◆ **Exercise prompt**
Copy the data below exactly, but not the pictures it contains.

◆ **Input data**
Start of Block

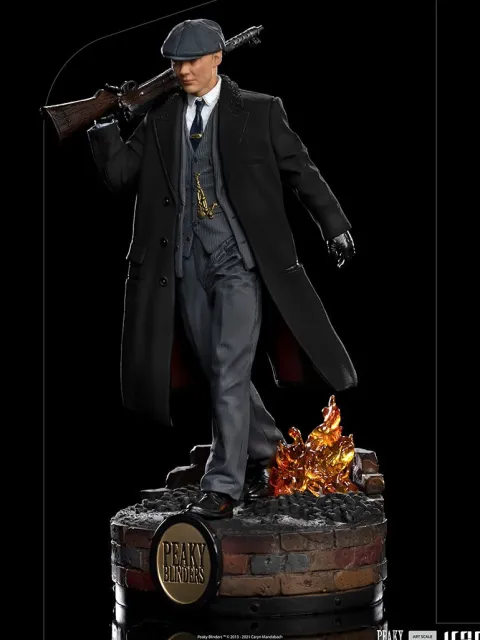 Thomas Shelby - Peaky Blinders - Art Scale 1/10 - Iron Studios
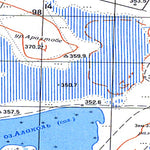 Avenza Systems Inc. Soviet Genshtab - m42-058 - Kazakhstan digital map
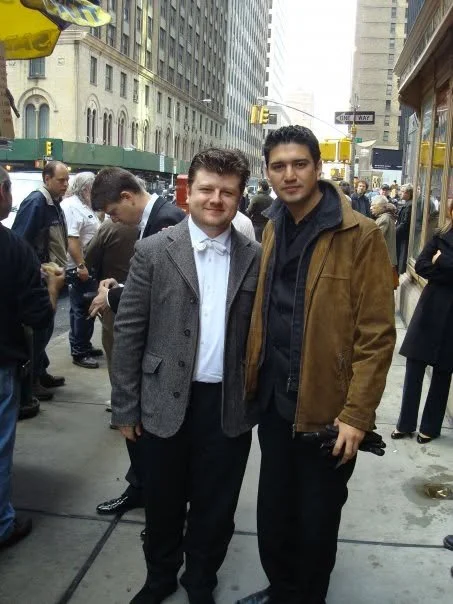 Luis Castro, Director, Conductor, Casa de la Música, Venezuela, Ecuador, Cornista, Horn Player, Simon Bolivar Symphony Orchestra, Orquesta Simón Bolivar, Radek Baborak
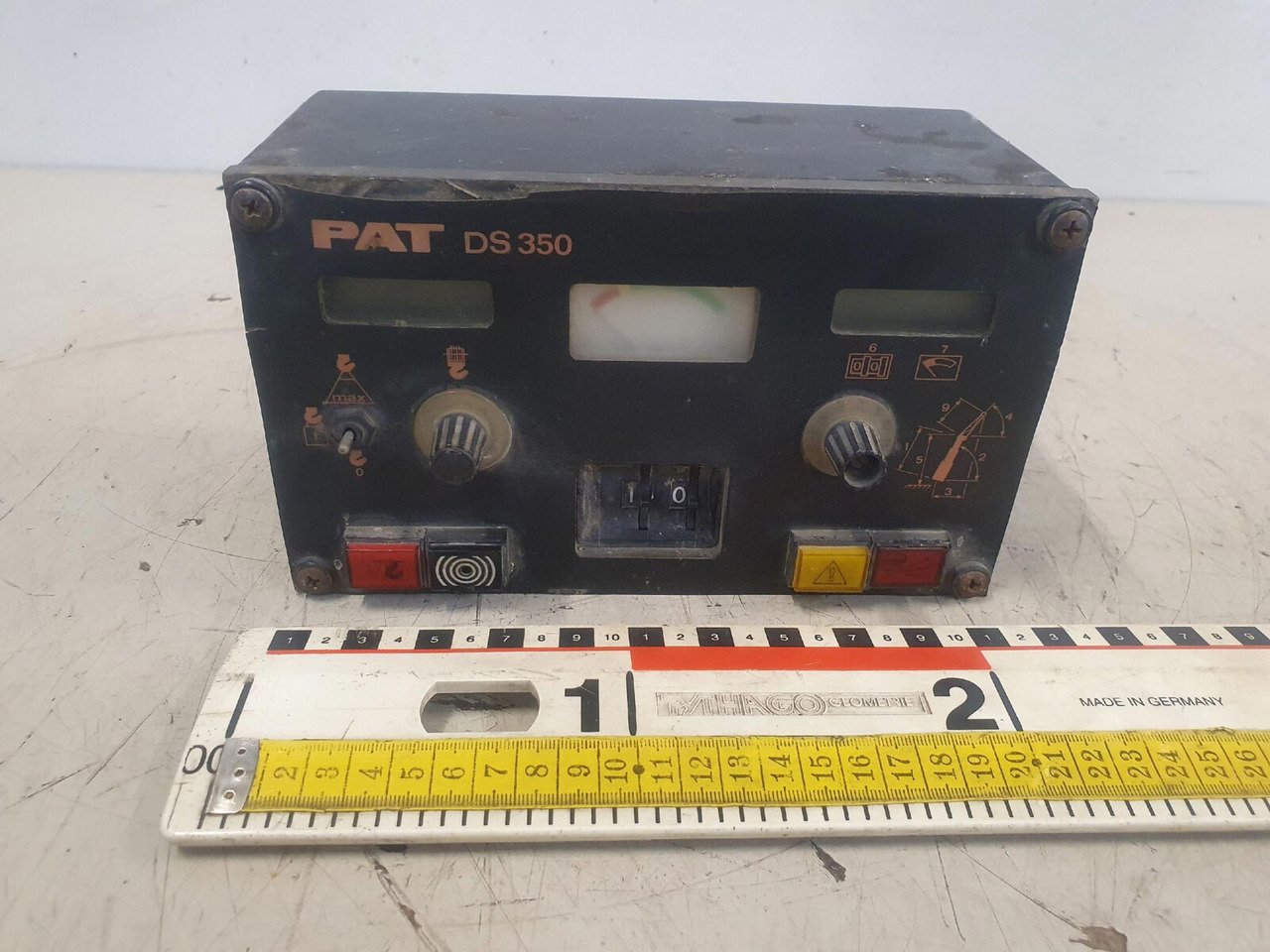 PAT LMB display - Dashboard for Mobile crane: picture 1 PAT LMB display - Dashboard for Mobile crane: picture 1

End of Block

◆ **Your solution**
 Thomas Shelby - Peaky Blinders - Art Scale 1/10 - Iron Studios
 Avenza Systems Inc. Soviet Genshtab - m42-058 - Kazakhstan digital map
 Luis Castro, Director, Conductor, Casa de la Música, Venezuela, Ecuador, Cornista, Horn Player, Simon Bolivar Symphony Orchestra, Orquesta Simón Bolivar, Radek Baborak
 PAT LMB display - Dashboard for Mobile crane: picture 1 PAT LMB display - Dashboard for Mobile crane: picture 1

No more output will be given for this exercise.